2018年9月下旬より2019年3月末まで、イリノイ大学アーバナ・シャンペーン校(The University of Illinois at Urbana-Champaign, 略称UIUC)機械科学工学研究科に研究滞在した。本稿はその記録である。

本滞在は九州大学マス・フォア・インダストリ研究所のスタッフとしてではなく、著者のもう1つの所属である「カーボンニュートラル・エネルギー国際研究所」、通称 I2CNER(アイスナー)のスタッフとしての研究プロジェクト、またサテライト機関でもあるUIUCとの共同研究プロジェクトの一環として実施したものである。

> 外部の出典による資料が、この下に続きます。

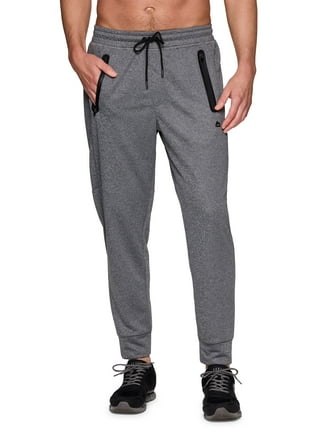 RBX Active Women's Soft Basic Lightweight Jogger Sweatpants With Pockets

UIUCはその名が示す通り、イリノイ州の「シャンペーン」「アーバナ」という2つの町にまたがる大学である。特に買い物や食事で人が集まる(と著者が思っている)のはシャンペーンなので、今後シャンペーンを軸に話を進める。著者が滞在したのは秋から初春にかけて。この時期のシャンペーン、とにかく寒い。11月初旬には初雪、気温も氷点下にいく。滞在初期は9月下旬であったが、その時もなかなかの寒さである。今回は半年の滞在だったので、UIUCが管理する賃貸住宅エリア (Orchard Downs) でアパートを借りる事ができたが、まず困ったのが、ベッドはあれど
「布団がない」。
夜の寒さは非常に堪えるもので、滞在開始後1週間、ベッドの上でコートにくるまって夜を越した。あれ、ここにサバイバルに来たんだっけか?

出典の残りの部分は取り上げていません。